Despite criticism from conservatives that House Leadership has demonstrated a less than forceful opposition to President Obama’s executive amnesty, House Speaker John Boehner’s office continues to attack Obama for his unilateral actions.
In a dispatch from the Speaker’s office Tuesday morning, Boehner spokesman Matt Wolking argued that “Obama’s immigration explanations are not fooling anyone.” The post comes less than a week after conservatives blasted House Leadership for pushing through a government spending bill that did not defund Obama’s executive amnesty.
Still, Boehner’s spokesman Tuesday took Obama to task for taking those executive actions in the first place. In his post, Wolking used Obama’s own words against him to point out that the president did not have the legal authority to take the actions he announced in November — which include providing legal status and work permits to millions of illegal immigrants.
“President Obama attempted to defend his unilateral action on immigration in two interviews last week, and in each case, reporters pressed him on why he had previously told them many times that he did not have the legal authority to act on his own. Caught in a clear flip-flop, the president’s rhetorical acrobatics were a sight to behold,” Wolking writes, highlighting Obama’s recent interviews with Univision and Telemundo.

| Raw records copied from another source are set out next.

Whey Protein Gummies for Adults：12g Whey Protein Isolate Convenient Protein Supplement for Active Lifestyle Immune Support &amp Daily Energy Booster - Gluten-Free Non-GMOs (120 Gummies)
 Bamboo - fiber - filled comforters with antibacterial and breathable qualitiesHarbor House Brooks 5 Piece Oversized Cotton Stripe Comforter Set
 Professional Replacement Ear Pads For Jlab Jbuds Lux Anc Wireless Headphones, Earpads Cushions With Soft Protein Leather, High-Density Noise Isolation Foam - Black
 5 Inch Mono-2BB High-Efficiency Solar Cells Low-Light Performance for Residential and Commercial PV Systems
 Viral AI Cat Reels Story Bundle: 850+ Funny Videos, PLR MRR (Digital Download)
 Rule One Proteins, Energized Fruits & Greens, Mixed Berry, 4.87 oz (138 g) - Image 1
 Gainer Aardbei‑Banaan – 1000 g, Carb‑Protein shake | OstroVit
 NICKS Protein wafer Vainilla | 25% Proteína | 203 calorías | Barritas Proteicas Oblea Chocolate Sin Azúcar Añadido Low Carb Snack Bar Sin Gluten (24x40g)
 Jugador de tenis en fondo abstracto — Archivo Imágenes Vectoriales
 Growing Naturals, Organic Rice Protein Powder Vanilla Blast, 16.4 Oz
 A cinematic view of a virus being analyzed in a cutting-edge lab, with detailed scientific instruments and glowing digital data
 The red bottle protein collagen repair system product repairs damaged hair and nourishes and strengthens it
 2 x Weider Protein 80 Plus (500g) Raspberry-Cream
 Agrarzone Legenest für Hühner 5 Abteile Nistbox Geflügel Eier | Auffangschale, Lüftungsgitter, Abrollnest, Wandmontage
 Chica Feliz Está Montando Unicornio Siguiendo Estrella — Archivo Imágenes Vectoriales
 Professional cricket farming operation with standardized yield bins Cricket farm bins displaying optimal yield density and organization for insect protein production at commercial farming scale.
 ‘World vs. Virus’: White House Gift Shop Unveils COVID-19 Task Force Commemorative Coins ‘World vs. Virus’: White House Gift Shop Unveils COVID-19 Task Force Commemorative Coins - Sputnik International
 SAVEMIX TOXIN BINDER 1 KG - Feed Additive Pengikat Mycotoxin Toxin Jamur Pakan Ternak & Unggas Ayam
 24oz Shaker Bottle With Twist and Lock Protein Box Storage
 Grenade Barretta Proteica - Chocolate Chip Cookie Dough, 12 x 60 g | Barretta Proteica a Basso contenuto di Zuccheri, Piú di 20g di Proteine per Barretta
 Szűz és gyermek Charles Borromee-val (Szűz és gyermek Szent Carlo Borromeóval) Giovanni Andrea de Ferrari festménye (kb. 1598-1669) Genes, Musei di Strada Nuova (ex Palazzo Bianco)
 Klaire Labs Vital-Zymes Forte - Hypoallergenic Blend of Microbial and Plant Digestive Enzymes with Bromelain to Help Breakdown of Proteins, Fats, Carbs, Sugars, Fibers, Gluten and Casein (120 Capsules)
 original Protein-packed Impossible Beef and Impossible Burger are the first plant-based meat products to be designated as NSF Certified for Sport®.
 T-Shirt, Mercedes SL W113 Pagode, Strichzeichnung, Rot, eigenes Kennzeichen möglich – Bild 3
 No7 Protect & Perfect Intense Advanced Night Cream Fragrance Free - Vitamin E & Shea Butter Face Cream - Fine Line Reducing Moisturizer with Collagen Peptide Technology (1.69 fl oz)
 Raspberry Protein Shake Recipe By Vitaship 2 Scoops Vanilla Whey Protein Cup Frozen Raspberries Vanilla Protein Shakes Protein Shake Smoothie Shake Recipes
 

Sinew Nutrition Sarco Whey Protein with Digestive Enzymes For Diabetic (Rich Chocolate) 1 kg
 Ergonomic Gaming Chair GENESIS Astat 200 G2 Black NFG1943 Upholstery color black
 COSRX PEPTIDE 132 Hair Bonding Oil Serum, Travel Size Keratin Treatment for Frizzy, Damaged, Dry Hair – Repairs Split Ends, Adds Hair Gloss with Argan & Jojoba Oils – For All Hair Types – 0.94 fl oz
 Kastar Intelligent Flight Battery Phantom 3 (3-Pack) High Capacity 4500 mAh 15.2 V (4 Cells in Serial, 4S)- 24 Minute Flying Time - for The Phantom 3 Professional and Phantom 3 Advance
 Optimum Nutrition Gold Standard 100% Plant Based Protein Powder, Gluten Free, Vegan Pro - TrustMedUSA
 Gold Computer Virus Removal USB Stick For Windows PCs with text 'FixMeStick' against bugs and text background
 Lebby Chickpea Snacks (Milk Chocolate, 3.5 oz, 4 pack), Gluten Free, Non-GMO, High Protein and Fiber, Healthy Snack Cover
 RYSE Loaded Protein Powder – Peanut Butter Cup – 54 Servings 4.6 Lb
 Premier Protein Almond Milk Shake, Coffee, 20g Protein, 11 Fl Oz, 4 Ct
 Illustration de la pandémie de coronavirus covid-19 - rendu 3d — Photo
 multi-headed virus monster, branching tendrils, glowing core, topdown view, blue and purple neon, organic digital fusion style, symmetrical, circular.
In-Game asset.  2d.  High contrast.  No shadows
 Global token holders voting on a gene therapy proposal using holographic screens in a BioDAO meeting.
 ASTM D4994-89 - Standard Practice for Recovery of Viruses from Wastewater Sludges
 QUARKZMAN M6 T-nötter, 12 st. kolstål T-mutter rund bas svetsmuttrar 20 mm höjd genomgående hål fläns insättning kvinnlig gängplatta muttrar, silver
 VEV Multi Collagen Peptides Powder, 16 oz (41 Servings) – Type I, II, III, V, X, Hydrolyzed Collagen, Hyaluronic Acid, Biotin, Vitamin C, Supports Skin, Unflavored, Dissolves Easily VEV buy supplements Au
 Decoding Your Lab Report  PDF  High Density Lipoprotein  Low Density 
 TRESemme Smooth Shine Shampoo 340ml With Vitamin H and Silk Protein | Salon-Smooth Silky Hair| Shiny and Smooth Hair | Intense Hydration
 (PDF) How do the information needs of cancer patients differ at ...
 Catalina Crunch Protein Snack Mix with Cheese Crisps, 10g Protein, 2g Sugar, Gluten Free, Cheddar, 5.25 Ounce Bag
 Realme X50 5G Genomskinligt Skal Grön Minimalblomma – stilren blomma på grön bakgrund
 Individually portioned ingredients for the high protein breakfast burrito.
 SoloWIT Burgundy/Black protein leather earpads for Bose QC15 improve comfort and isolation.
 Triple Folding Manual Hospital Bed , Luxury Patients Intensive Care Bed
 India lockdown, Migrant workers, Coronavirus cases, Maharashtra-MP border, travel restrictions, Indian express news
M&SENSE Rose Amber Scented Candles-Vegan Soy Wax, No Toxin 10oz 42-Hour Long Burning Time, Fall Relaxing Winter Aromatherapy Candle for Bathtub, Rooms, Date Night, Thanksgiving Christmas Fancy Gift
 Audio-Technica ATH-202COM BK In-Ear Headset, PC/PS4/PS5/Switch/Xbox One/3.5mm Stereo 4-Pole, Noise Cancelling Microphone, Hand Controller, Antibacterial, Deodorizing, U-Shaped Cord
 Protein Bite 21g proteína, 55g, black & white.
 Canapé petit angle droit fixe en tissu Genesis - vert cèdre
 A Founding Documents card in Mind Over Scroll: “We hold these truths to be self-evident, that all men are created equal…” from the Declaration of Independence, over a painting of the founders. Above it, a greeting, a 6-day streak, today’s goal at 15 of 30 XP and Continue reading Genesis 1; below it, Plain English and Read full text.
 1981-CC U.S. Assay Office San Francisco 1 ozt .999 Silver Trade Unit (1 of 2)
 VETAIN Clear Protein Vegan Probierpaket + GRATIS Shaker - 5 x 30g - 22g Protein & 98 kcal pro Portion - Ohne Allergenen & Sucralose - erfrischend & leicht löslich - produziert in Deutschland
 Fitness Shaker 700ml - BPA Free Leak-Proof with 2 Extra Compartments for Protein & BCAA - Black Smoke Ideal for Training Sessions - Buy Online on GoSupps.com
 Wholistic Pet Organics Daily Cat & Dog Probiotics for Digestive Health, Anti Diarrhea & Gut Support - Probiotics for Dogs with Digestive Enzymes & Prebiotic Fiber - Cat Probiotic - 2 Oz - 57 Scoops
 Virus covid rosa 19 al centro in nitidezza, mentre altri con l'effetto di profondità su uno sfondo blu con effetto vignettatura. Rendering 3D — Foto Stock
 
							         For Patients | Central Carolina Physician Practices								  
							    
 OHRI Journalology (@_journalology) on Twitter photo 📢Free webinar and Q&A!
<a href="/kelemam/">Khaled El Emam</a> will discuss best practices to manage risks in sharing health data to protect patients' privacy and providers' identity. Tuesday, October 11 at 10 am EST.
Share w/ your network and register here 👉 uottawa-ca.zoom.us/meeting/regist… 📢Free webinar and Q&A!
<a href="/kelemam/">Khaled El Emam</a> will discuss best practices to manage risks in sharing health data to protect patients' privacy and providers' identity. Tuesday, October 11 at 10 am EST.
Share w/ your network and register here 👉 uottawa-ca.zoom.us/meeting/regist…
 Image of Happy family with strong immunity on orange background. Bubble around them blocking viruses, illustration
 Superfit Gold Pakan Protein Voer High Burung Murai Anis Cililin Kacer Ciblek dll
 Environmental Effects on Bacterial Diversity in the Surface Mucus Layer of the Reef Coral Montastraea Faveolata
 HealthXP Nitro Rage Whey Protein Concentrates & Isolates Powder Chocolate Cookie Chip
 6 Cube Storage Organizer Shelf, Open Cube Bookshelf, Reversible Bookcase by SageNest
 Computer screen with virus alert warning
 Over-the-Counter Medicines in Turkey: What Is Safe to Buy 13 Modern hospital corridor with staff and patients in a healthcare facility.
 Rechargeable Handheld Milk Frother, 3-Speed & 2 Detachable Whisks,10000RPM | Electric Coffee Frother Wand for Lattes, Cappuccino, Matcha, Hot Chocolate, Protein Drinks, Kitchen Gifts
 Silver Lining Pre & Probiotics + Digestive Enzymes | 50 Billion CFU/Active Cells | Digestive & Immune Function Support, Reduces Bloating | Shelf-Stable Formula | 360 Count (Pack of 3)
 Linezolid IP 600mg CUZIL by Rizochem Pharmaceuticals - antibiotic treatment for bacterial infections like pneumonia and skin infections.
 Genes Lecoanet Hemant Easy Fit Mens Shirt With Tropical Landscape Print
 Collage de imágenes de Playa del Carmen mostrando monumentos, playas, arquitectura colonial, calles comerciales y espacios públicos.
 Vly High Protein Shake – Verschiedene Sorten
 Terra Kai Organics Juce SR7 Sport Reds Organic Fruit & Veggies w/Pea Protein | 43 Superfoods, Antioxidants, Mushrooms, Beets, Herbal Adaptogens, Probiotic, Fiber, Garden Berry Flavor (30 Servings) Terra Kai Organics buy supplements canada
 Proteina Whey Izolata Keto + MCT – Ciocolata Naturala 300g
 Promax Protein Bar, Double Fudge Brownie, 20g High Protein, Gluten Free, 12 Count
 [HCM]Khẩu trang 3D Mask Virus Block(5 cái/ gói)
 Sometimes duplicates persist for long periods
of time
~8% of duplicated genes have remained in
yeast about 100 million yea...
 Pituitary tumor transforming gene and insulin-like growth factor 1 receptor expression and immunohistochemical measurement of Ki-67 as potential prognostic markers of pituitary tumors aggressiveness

“[In a 2011 town hall] you told us, and I quote, ‘With respect to the notion that I can just suspend deportations through executive order, that’s just not the case,'” Univision‘s Jorge Ramos pointed out, setting up his point: “That’s exactly what you did.” President Obama denied this, claiming, “I can run back the tape on your questions and some of the questions of that town hall, [and prove] the notion [I was responding to] was that we could just stop deportations, period[.]”
Wolking goes on: “But the president doesn’t have to ‘run back the tape’ – objective observers already have.” He cites several:
•“It’s clear from the interviews that the president was … [asked] about specific actions that ended deportations of a subset of illegal immigrants–precisely the type of action he” took. (The Washington Post, 11/18/14)
• “[T]he questions posed to Obama earlier were very specific. They asked the president whether he had the authority to do the very kinds of things he” did. (FactCheck.org, 11/18/14)
• “In fact, most of the questions that were posed to the president over the past several years were about the very thing” he announced. (The New York Times, 11/17/14)
Boehner’s spokesman then took on Obama’s argument to Jose Diaz-Balart on Telemundo, pointing out that when asked “what legally changed” to allow Obama to expand the number of people shielded from deportation, Obama responded: “What I think changed is that having done what we did with DACA, with the DREAM kids, my argument was not that we did not have some additional authority, my argument was that I did not have the authority to simply not deport.”
Wolking writes that Obama did argue that he did not have additional authority.
On two separate occasions after his June 2012 announcement of DACA, President Obama said that he’d “done everything that I can on my own” (10/16/12) and “stretched our administrative flexibility as much as we can” (2/14/13).
Wolking concluded by highlighting the recent conclusions by PolitiFact and the Washington Post’s Fact Checker that Obama flip-flipped and stretched the truth.
Amidst all these untruths last week, President Obama did let one truthful statement slip as he reprimanded Jorge Ramos for not letting him off the hook:
And those, like you sometimes, Jorge, who suggests that there are simple quick answers to these problems, I think …. when you present it in that way, it does a disservice, because it makes the assumption that the political process is one that can easily be moved around, depending on the will of one person, and that’s not how things work.
He’s right that our nation’s laws are not determined by a single ruler’s will – just as he was 22 times before – and that’s what makes his unilateral action on immigration so wrong – and the real disservice.
Having recently passed a government spending bill that lets funding for the Department of Homeland Security expire in February, Republicans are already gearing up for another fight against Obama’s executive amnesty early next year. Boehner has declined to elaborate on what the GOP plans to do but vowed they will challenge Obama.
“There are options available to us and we are going to exercise those options. The president can’t continue to just ignore the Constitution,” the House Speaker said last week.